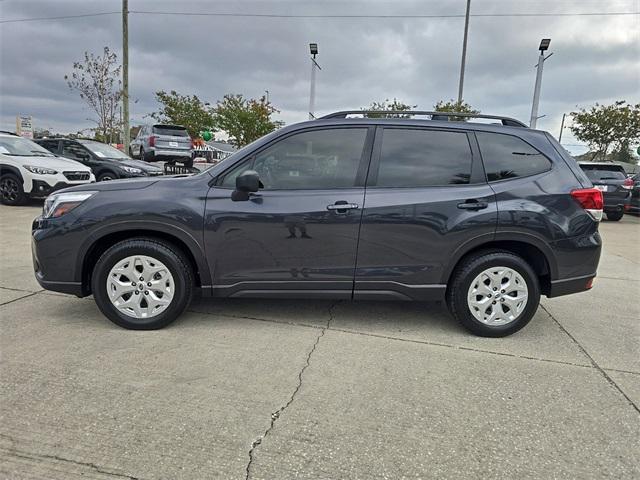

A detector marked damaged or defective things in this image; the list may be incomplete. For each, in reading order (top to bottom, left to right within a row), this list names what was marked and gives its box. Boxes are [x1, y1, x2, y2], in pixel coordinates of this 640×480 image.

pavement crack [242, 300, 338, 476]
pavement crack [540, 306, 640, 414]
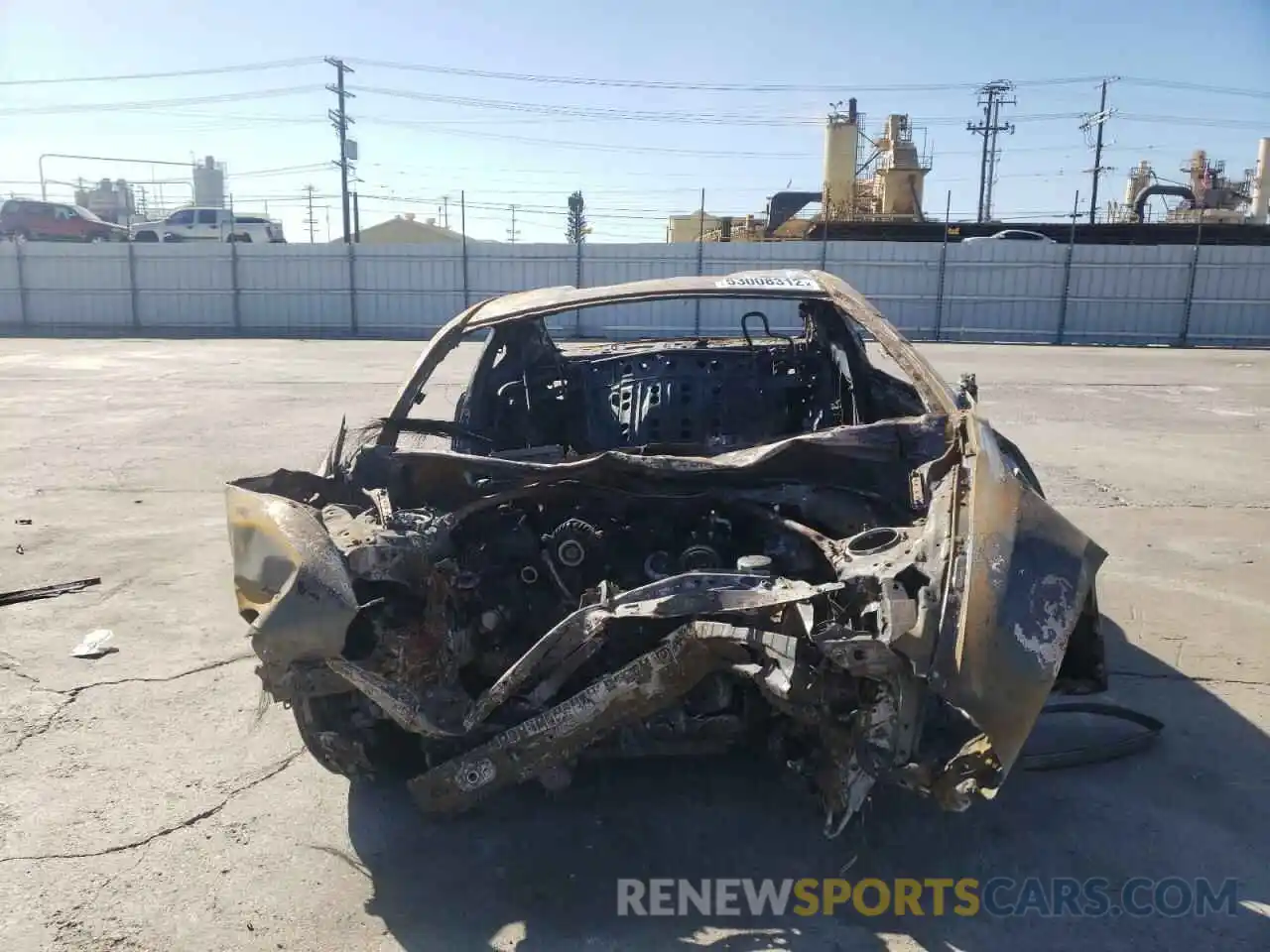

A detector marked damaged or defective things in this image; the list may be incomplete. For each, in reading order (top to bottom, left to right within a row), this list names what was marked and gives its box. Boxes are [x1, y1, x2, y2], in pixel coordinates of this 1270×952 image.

burned car wreck [228, 268, 1111, 833]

•••

** Exercise goal **
Set down the material above as is, without any pictures.

** Exercise response **
A detector marked damaged or defective things in this image; the list may be incomplete. For each, in reading order (top to bottom, left to right within a row), this list names what was marked and gives its box. Boxes are [x1, y1, x2, y2], in pixel coordinates of this 640×480 image.

pavement crack [242, 300, 338, 476]
pavement crack [540, 306, 640, 414]

A detector marked damaged or defective things in this image; the list may be incomplete. For each, in reading order (top to bottom, left to right within a row), this list names what was marked and gives its box. Boxes are [x1, y1, x2, y2], in pixel coordinates of this 1270×952 image.

burned car wreck [228, 268, 1111, 833]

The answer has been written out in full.